BNN Bloomberg on April 23 asked federal Labour Minister Patty Hajdu why she forced a vote on CP workers just hours before they were scheduled to strike. Both union bargaining committees considered the company offer totally unacceptable. Using the authority of the state to delay a legal strike is a serious matter that denies workers their right to take action in defence of their rights. Hajdu's answer is disingenuous to say the least as she did not address the matter at hand, which is the fact that the company has blocked any negotiations on the substantive issue the workers want dealt with which is why they voted en masse in favour of a strike vote. The other issue is one of rights and workers themselves choosing how to defend those rights against an intransigent employer who has long proven to be anti-worker in the extreme and refuses to even discuss the important issues workers are raising.

"It was an opportunity to move the process along, ensure that there was an offer on the table," Hajdu said, apparently with a straight face. When asked to elaborate what her government will do if the workers reject the offer, she simply repeated her earlier fatuous comment saying, "It provides an opportunity to continue that process. If the offer is not accepted by the members and they vote to reject the offer then the bargaining continues.... It continues the conversation between both unions and the employer about what a suitable deal would look like. It reinitiates the period of conversation where both parties have an opportunity to talk about what they expect in a deal."

Hadju's veiled insinuation that the union bargaining committee does not represent what the workers really want and if given a chance to see the agreement for themselves they might accept it is typical anti-union, anti-worker prejudice. She has no business using her position of power as a government minister to act on personal or party prejudices. Her doublespeak is a Liberal concoction, as no conversation or process that even remotely resembles good faith bargaining was taking place. The strike is the recourse the workers currently have to force the company to engage with workers in discussion for a new collective agreement. CP has been presenting "offers" they know are unacceptable to CP workers as they do not deal with the problems workers are facing.
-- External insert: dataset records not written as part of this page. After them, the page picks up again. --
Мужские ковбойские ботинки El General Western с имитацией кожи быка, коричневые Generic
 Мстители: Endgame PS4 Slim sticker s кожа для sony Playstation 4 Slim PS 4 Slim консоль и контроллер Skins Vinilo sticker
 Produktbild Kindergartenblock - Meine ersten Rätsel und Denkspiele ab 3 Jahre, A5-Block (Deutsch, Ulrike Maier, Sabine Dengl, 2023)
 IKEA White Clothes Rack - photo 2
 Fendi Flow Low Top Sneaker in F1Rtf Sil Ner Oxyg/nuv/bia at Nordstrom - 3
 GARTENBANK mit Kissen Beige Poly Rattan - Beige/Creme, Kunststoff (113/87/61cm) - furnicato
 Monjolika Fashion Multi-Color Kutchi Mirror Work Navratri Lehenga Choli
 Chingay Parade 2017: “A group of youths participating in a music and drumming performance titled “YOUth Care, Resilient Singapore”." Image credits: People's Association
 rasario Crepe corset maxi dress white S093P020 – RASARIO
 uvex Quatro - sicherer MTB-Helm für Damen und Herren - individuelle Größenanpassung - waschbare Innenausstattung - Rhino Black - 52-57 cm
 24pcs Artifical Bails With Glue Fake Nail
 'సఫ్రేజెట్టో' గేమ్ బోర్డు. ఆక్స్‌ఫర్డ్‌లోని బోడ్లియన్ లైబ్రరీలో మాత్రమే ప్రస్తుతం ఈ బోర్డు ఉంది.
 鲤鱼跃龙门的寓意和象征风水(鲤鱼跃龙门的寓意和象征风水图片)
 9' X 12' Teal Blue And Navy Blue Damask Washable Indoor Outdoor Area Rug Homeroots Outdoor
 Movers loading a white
CP seems confident that the government will intervene to impose the measures it wants taken and the Liberal government thinks this is better for its reputation than back-to-work legislation.

The workers are raising very serious issues including worker fatigue, their 24/7 on call status, and CP's punitive system of labour relations that must be ended in practice under strict terms that hold the company accountable in the present not months and years down the road with endless grievances, which the company simply ignores.

According to CP workers the strike delay and forced vote on an unacceptable contract are a company/government setup to deny workers their rights. The setup is to push a typical Liberal line that workers are being unreasonable and a railway strike would damage the economy and be against the national interest. Once the final offer is rejected, the company/government alliance will unleash an anti-worker media campaign demanding the strike be suppressed to save the economy and national interest.

The fact that workers have just demands and current conditions are wreaking havoc on railway workers' lives and peace of mind and endanger public safety will be dismissed in the furor over saving the economy and national interest. Within this hysteria, forcing workers to work beyond the point of exhaustion and to face a climate of repression at work are acceptable for the ruling elite who control the economy and state. For the working class, this is not acceptable but criminal contempt for those who do the work and for the public who are in danger when standards and norms of railway conduct and relations of production are not respected.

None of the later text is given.